Jasmine plants are characterized by small white or yellow flowers; many varieties are intensely fragrant. Jasmines flower in the spring or summer in mild climates. They will grow without pruning but produce more blooms if cut back regularly. Pruning also keeps them from forming dense masses that block air and sunlight.
Prune after the flowers have faded in the spring. Jasmines flower on the previous year’s growth; that includes the shoots that form after flowering. Pinch back their tips to encourage lateral growth and get more buds.
Cut back any vertical shoots in ground covers; this encourages horizontal growth for greater spread. Cut vines before they grow too heavy for their supports; remove 1/3 of vine stems at the base or cut all vines back 1/3 for optimal growth. Use the same 1/3 rule of thumb for jasmine shrubs.
Cut back to live growth when pruning dead wood–insects feed on dead wood. Cut just above a growing bud and angle downward, away from the top of the bud.

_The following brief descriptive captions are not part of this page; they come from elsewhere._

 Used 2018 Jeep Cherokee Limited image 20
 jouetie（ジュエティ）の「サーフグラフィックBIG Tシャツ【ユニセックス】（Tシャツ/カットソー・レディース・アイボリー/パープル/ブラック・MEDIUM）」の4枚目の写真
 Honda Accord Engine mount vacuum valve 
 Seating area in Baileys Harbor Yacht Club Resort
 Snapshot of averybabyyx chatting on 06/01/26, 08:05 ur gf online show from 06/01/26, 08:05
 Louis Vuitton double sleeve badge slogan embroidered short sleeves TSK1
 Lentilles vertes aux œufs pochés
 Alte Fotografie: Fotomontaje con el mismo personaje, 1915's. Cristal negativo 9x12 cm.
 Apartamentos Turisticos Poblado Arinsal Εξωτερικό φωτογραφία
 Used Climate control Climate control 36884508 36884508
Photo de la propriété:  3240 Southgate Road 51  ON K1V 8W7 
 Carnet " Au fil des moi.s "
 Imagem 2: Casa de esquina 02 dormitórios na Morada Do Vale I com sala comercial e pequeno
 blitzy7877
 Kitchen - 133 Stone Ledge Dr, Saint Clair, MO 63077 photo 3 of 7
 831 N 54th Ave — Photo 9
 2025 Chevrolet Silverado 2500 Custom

Leave container-grown vines unpruned for their first year to get them established, but cut the primary stems back to encourage lateral branching.
Cut back bare-root plants no more than 1/4 before they are planted. This gives the new jasmine vine balance between below- and above-ground growth. Trim off damaged or dead stems or roots before planting.
Prune on a bright day with no rain.
Use sharp shears or a pruner to make clean cuts. Don’t leave stubs, which invite insects.
Sealer paints are not recommended. They can seal in insects or disease and cause more damage.